To compare the performance of the tuned model with the default model, we can compare their respective performance metrics. 
If the tuned model has higher performance metrics, then it is better than the default model.

Alternatively, we can also perform a statistical significance test, such as a paired t-test or McNemar's test, to determine 
if the difference in performance between the two models is statistically significant.

Q8. Interpret the model by analysing the decision boundaries of the random forest classifier. Plot thedecision boundaries on 
a scatter plot of two of the most important features. Discuss the insights and limitations of the model for predicting heart disease risk.

Ans. To plot the decision boundaries of the random forest classifier, we first need to select two of the most important 
features identified in the previous step. Let's assume that we selected "thalach" (maximum heart rate achieved) and
"cp" (chest pain type) as the two features.

We can create a scatter plot of these two features and colour the points based on their true class (0 or 1).

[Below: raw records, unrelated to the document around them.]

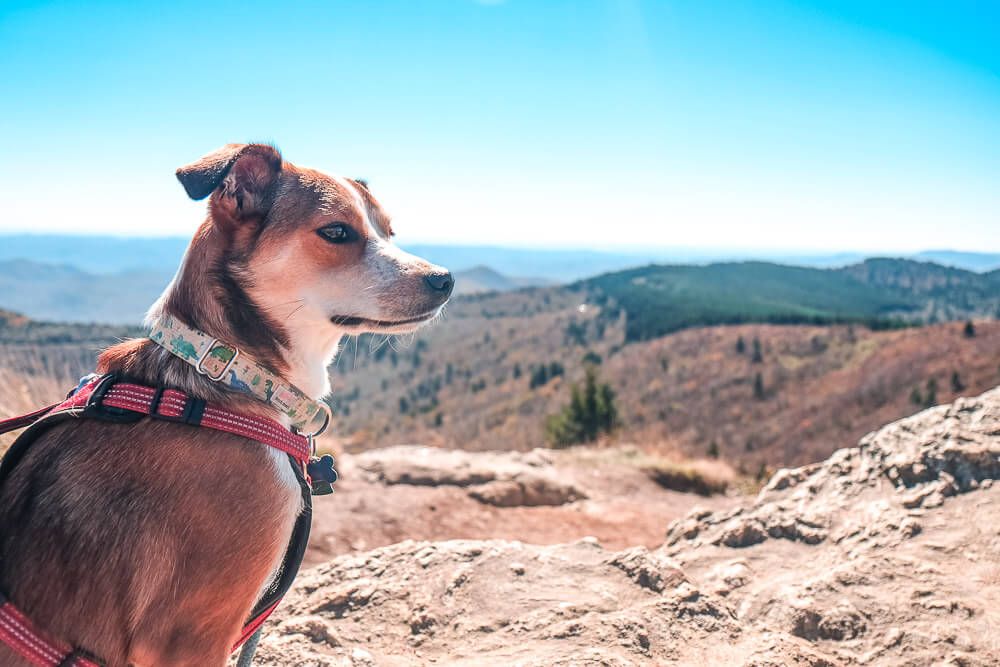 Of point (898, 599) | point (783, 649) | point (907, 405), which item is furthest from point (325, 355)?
point (907, 405)

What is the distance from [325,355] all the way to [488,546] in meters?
2.24

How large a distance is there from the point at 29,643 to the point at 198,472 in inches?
24.2

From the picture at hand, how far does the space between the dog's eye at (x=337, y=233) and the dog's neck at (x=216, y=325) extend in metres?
0.38

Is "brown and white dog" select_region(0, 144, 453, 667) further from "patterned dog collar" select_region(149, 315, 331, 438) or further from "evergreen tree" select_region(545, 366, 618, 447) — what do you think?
"evergreen tree" select_region(545, 366, 618, 447)

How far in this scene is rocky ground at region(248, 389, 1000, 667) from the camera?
314cm

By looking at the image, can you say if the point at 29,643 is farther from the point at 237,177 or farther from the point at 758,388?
the point at 758,388

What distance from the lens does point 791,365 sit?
73.7 m

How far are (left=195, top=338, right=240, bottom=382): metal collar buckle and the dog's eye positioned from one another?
0.68 metres

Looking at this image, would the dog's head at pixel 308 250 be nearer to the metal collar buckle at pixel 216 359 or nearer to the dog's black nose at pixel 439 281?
the dog's black nose at pixel 439 281

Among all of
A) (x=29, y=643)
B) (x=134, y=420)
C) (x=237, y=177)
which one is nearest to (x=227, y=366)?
(x=134, y=420)

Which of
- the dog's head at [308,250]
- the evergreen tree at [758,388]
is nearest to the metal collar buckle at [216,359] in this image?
the dog's head at [308,250]

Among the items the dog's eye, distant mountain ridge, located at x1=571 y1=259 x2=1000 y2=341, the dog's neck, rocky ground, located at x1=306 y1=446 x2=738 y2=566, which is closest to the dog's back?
the dog's neck

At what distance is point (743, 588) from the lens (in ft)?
12.8

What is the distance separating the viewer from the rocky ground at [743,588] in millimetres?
3141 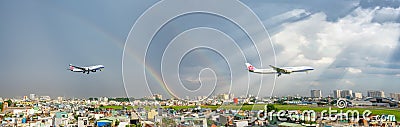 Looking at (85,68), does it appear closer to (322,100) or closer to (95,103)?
(322,100)

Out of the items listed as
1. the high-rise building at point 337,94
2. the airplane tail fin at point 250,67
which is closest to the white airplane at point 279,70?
the airplane tail fin at point 250,67

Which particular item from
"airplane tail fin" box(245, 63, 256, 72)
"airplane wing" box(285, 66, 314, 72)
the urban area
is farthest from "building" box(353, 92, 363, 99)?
"airplane tail fin" box(245, 63, 256, 72)

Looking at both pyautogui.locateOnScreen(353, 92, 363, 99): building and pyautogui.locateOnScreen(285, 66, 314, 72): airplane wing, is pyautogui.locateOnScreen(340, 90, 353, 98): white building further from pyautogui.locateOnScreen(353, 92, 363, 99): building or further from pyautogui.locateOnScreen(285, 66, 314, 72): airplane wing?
pyautogui.locateOnScreen(285, 66, 314, 72): airplane wing

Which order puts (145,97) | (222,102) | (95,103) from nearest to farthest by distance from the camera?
(145,97), (222,102), (95,103)

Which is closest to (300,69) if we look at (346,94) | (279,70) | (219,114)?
(279,70)

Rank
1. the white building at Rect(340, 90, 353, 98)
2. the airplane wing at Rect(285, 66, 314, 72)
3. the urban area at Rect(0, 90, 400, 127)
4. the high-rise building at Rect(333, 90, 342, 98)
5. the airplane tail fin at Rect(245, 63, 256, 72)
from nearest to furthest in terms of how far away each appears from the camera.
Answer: the airplane tail fin at Rect(245, 63, 256, 72), the urban area at Rect(0, 90, 400, 127), the airplane wing at Rect(285, 66, 314, 72), the high-rise building at Rect(333, 90, 342, 98), the white building at Rect(340, 90, 353, 98)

Then,
we can generate a grid of points covering the range of the two features and use the random forest classifier to predict the
class of each point in the grid. Finally, we can plot the decision boundaries by colouring the points in the grid based on
their predicted class.

Here's the code to generate the scatter plot and decision boundaries:

python
Copy code
import numpy as np
import matplotlib.pyplot as plt

# Select the two most important features
X = X_train[:, [2, 7]] # thalach, cp

# Generate a scatter plot of the two features
plt.scatter(X[:, 0], X[:, 1], c=y_train, cmap='viridis')
plt.xlabel('Maximum Heart Rate Achieved')
plt.ylabel('Chest Pain Type')
plt.title('Scatter Plot of Two Most Important Features')
plt.show()

# Generate a grid of points covering the range of the two features
x1 = np.linspace(X[:, 0].min(), X[:, 0].max(), 100)
x2 = np.linspace(X[:, 1].min(), X[:, 1].max(), 100)
xx, yy = np.meshgrid(x1, x2)
X_grid = np.column_stack([xx.ravel(), yy.ravel()])

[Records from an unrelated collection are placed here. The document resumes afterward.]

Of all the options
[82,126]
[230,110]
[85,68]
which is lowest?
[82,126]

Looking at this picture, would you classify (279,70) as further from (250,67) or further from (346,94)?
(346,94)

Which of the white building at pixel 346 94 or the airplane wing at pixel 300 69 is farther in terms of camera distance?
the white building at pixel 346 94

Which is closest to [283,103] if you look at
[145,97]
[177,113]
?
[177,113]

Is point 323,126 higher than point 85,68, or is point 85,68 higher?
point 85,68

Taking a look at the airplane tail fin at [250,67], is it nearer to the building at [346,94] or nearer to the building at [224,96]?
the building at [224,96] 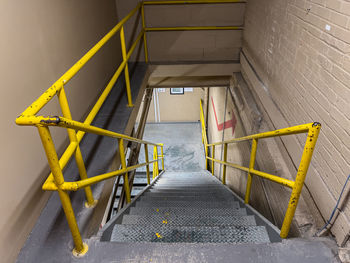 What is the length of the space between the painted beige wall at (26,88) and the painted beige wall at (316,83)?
2.04m

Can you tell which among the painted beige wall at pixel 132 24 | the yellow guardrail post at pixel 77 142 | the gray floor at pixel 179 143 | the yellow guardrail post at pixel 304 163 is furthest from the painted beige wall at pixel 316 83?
the gray floor at pixel 179 143

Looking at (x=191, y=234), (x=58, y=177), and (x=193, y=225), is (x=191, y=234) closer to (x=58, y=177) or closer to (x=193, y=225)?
(x=193, y=225)

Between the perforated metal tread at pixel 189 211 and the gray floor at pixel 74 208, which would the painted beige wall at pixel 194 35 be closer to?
the gray floor at pixel 74 208

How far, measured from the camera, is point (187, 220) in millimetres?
2053

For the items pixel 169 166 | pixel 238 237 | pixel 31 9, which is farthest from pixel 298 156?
pixel 169 166

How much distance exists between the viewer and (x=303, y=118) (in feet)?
6.62

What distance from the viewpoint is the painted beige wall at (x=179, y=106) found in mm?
10531

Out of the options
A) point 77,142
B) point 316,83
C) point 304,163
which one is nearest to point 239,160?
point 316,83

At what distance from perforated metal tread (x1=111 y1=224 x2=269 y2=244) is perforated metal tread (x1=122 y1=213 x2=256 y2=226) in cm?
14

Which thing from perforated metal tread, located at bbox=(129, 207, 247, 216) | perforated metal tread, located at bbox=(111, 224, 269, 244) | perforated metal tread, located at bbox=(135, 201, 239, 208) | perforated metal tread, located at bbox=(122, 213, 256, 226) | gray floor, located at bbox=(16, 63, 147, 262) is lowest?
perforated metal tread, located at bbox=(135, 201, 239, 208)

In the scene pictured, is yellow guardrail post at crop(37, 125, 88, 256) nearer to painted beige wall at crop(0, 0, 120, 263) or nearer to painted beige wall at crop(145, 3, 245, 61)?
painted beige wall at crop(0, 0, 120, 263)

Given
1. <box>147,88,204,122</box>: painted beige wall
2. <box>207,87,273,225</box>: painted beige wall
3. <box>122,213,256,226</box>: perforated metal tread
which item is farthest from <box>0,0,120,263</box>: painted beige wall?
<box>147,88,204,122</box>: painted beige wall

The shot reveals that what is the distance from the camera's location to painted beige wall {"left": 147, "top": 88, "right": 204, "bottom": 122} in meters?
10.5

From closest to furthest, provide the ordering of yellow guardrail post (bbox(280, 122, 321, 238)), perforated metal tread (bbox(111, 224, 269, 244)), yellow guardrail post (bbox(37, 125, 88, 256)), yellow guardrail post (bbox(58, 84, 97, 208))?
yellow guardrail post (bbox(37, 125, 88, 256)), yellow guardrail post (bbox(280, 122, 321, 238)), yellow guardrail post (bbox(58, 84, 97, 208)), perforated metal tread (bbox(111, 224, 269, 244)) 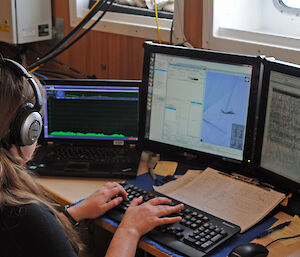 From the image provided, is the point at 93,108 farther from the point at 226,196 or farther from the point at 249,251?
the point at 249,251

# Use the random forest classifier to predict the class of each point in the grid
rf = RandomForestClassifier(n_estimators=100, max_depth=10)
rf.fit(X, y_train)
y_grid = rf.predict(X_grid)

# Plot the decision boundaries on the scatter plot
plt.scatter(X[:, 0], X[:, 1], c=y_train, cmap='viridis')
plt.contourf(xx, yy, y_grid.reshape(xx.shape), alpha=0.5, cmap='viridis')
plt.xlabel('Maximum Heart Rate Achieved')
plt.ylabel('Chest Pain Type')
plt.title('Decision Boundaries of Random Forest Classifier')
plt.show()
The resulting plot should show the scatter plot of the two features with points coloured based on their true class, as well
as the decision boundaries of the random forest classifier.

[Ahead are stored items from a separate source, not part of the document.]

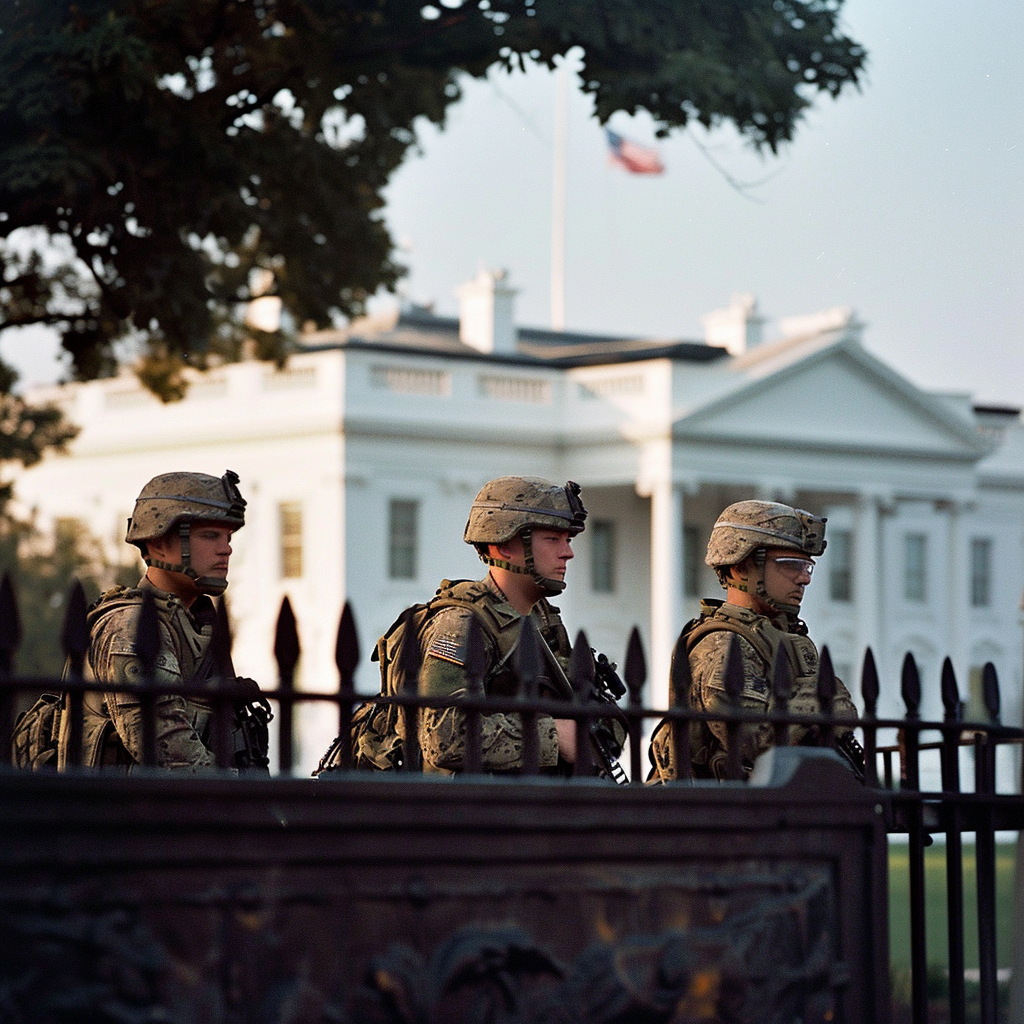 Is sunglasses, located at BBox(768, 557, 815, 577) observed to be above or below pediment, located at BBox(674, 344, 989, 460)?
below

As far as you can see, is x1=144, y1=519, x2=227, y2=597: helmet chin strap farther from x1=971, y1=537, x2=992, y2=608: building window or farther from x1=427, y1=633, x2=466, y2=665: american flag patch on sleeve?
x1=971, y1=537, x2=992, y2=608: building window

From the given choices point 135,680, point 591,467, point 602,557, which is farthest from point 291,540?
point 135,680

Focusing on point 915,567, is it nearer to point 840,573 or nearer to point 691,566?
point 840,573

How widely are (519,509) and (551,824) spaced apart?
2.10 metres

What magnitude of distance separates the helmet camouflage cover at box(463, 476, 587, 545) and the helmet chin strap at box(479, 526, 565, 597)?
3 cm

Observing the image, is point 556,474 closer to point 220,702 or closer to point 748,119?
point 748,119

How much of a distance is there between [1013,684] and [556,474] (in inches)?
551

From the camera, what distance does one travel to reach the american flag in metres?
45.9

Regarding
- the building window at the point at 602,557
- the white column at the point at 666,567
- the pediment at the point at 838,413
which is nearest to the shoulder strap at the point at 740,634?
the white column at the point at 666,567

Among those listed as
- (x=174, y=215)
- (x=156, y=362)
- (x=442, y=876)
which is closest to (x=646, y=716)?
(x=442, y=876)

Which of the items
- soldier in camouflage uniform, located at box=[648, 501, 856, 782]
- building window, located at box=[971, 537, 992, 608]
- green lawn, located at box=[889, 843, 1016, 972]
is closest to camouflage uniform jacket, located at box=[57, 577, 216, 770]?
soldier in camouflage uniform, located at box=[648, 501, 856, 782]

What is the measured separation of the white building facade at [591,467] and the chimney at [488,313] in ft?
0.18

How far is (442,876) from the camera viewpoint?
3623 millimetres

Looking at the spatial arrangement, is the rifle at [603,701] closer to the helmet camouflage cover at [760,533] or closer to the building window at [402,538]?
the helmet camouflage cover at [760,533] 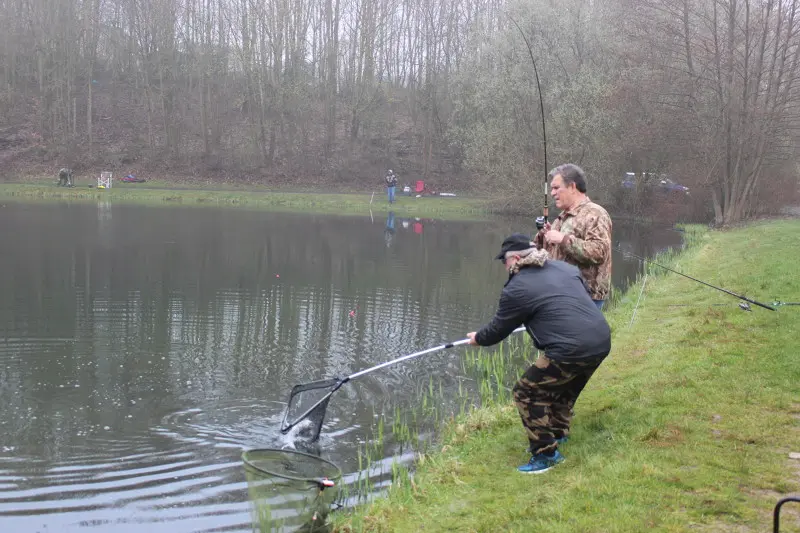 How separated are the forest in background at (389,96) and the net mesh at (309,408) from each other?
88.1ft

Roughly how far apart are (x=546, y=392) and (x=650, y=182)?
3566 cm

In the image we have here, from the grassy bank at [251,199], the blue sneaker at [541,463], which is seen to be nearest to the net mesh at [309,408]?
the blue sneaker at [541,463]

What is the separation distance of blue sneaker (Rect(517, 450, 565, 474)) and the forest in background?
91.2ft

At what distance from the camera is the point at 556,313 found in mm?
5113

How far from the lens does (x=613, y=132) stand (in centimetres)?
3572

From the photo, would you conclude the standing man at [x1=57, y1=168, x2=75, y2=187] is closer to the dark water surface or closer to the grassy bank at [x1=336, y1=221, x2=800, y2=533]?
the dark water surface

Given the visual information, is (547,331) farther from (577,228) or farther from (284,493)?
(284,493)

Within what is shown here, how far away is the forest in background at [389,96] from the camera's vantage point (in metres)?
33.1

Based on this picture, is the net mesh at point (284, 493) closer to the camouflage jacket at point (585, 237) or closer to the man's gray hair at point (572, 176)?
the camouflage jacket at point (585, 237)

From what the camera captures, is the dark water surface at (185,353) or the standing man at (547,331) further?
the dark water surface at (185,353)

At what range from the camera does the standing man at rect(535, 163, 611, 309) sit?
6066mm

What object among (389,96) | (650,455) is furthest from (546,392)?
(389,96)

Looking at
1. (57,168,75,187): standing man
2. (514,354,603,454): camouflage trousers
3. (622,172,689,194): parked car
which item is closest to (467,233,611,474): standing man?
(514,354,603,454): camouflage trousers

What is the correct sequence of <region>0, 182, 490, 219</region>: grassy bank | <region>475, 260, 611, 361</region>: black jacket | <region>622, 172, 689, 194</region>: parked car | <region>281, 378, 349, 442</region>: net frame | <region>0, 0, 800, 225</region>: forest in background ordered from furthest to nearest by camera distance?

Interpreting the decision boundaries of a random forest classifier can be challenging due to their complex nature. However,
we can make some general observations based on the plot. We can see that the decision boundaries are non-linear and have 
irregular shapes, which suggests that the model is capturing complex interactions between the features. We can also see
that the decision boundaries are relatively smooth, which suggests that the model is not overfitting to the training data.

One limitation of the model is that it may not be able to capture all the factors that contribute to heart disease risk, as
there may be other important features that were not included in the analysis. Additionally, the model may not perform well 
on data that is significantly different from the training data, such as data from a different population or collected using
different methods. Finally, the model may not be able to capture the full complexity of the underlying biological processes 
that contribute to heart disease risk, which may limit its ability to provide mechanistic insights.